Beginning with the line containing "[HÀ NỘI] - Sách" and ending with the line containing "Pianeta Ofelia. Fare", write out each line of the records below exactly; pictures and lines outside that range are left out.

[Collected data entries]
'''

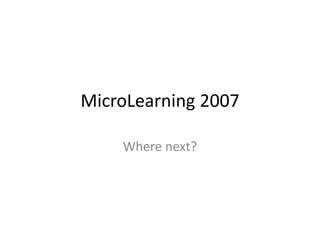 MicroLearning 2007

    Where next?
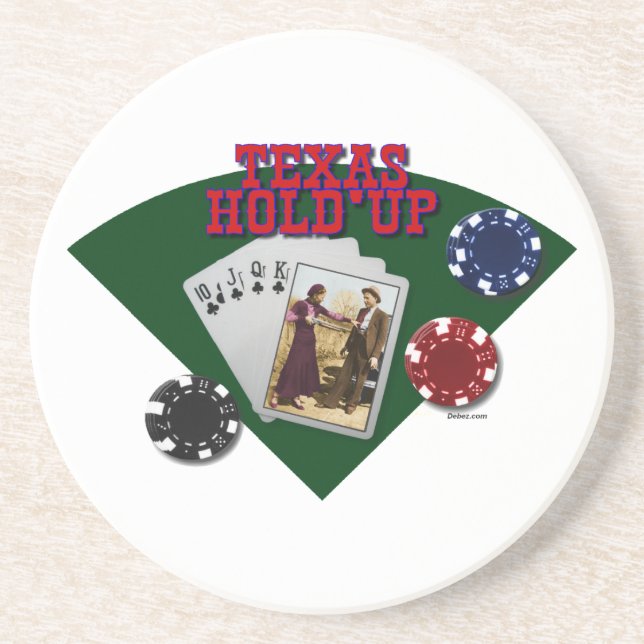 Texas Hold'em or is it Hold'up? Coaster (Front)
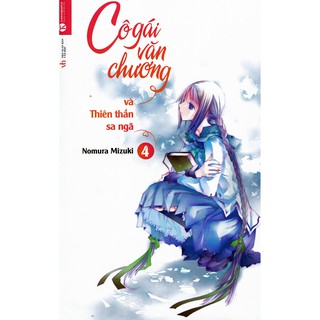 [HÀ NỘI] - Sách - Cô Gái Văn Chương Và Thiên Thần Sa Ngã (Tập 4)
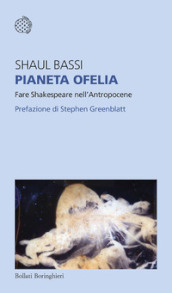 Pianeta Ofelia. Fare Shakespeare nell Antropocene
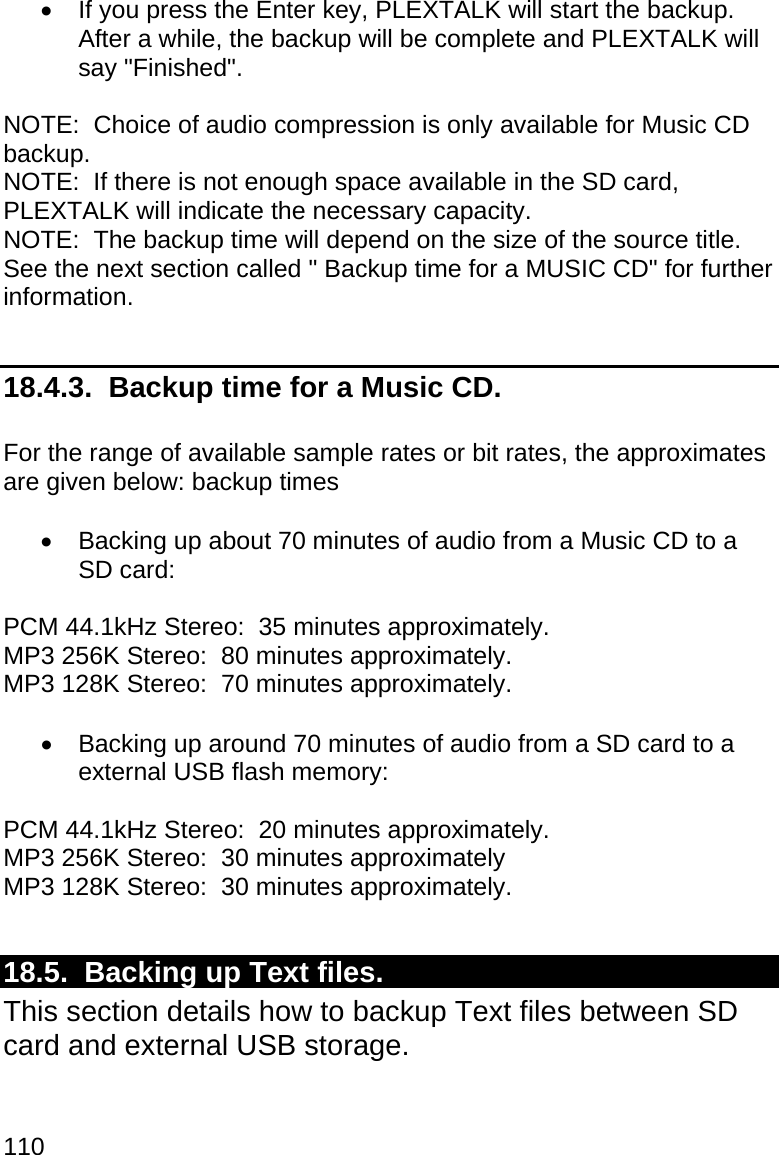 110   If you press the Enter key, PLEXTALK will start the backup.  After a while, the backup will be complete and PLEXTALK will say &quot;Finished&quot;.  NOTE:  Choice of audio compression is only available for Music CD backup. NOTE:  If there is not enough space available in the SD card, PLEXTALK will indicate the necessary capacity. NOTE:  The backup time will depend on the size of the source title.  See the next section called &quot; Backup time for a MUSIC CD&quot; for further information.  18.4.3.  Backup time for a Music CD.  For the range of available sample rates or bit rates, the approximates are given below: backup times     Backing up about 70 minutes of audio from a Music CD to a SD card:  PCM 44.1kHz Stereo:  35 minutes approximately. MP3 256K Stereo:  80 minutes approximately. MP3 128K Stereo:  70 minutes approximately.    Backing up around 70 minutes of audio from a SD card to a external USB flash memory:  PCM 44.1kHz Stereo:  20 minutes approximately. MP3 256K Stereo:  30 minutes approximately MP3 128K Stereo:  30 minutes approximately.  18.5.  Backing up Text files. This section details how to backup Text files between SD card and external USB storage.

'''

• Your response
 [HÀ NỘI] - Sách - Cô Gái Văn Chương Và Thiên Thần Sa Ngã (Tập 4)
 Pianeta Ofelia. Fare Shakespeare nell Antropocene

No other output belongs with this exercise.